**Entries supplied**

+ + +

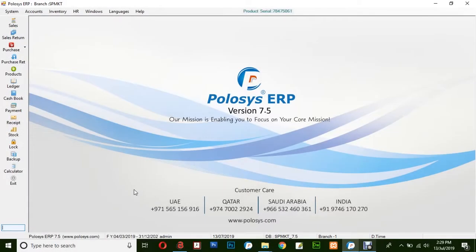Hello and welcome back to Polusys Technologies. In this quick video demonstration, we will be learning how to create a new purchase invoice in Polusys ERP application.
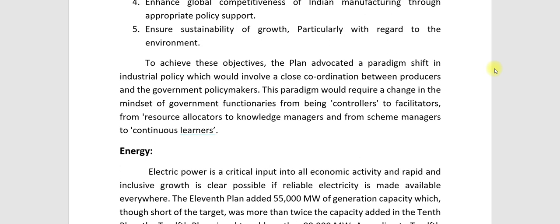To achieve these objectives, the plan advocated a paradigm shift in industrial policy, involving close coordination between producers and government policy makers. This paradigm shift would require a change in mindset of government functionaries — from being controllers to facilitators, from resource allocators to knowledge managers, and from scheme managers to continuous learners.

+ + +

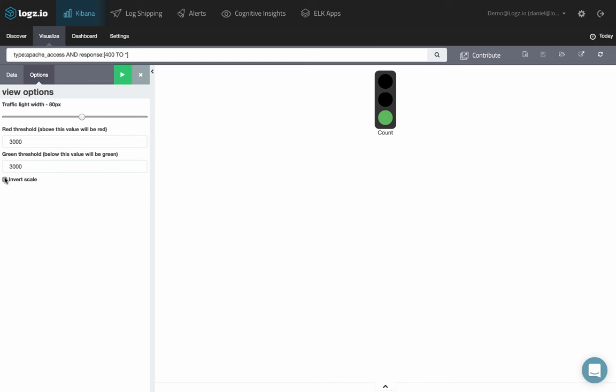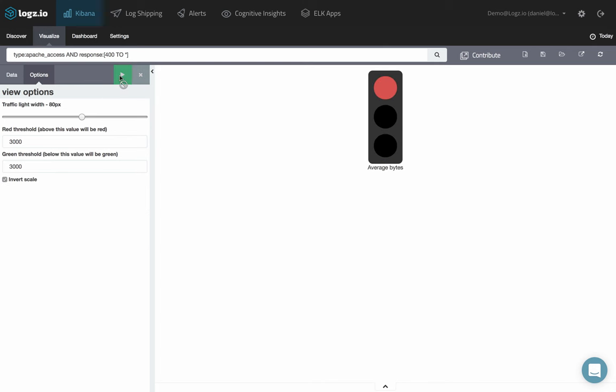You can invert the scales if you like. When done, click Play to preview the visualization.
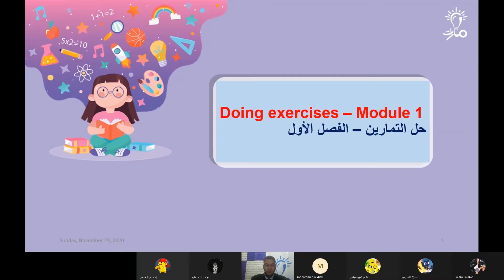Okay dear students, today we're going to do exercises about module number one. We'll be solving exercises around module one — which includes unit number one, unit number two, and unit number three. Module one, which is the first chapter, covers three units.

+ + +

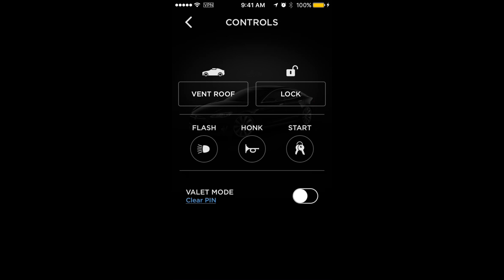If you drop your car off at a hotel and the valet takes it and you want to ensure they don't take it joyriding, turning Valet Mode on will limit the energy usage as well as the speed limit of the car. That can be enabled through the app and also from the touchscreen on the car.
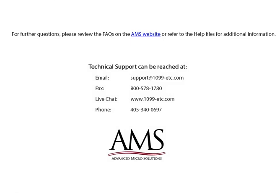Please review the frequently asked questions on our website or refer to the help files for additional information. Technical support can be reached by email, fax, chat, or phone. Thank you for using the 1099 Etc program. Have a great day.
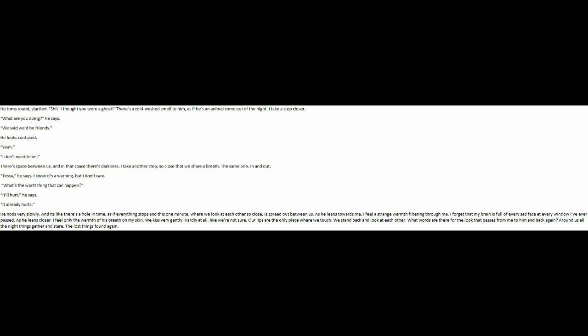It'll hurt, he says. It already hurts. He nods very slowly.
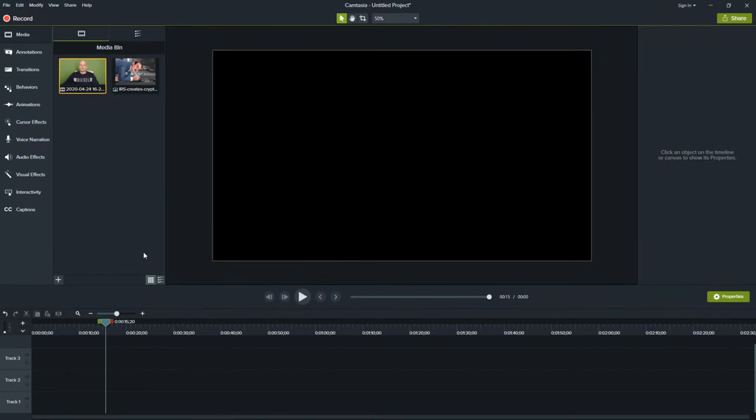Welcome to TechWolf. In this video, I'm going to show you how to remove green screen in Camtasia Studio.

+ + +

**Assignment**
The copy should hold only the lines from the one with "It'll hurt, he" through the one with "Welcome to TechWolf.", exactly as they stand above. Leave out the pictures.

**Answer to this problem**
It'll hurt, he says. It already hurts. He nods very slowly.
Welcome to TechWolf. In this video, I'm going to show you how to remove green screen in Camtasia Studio.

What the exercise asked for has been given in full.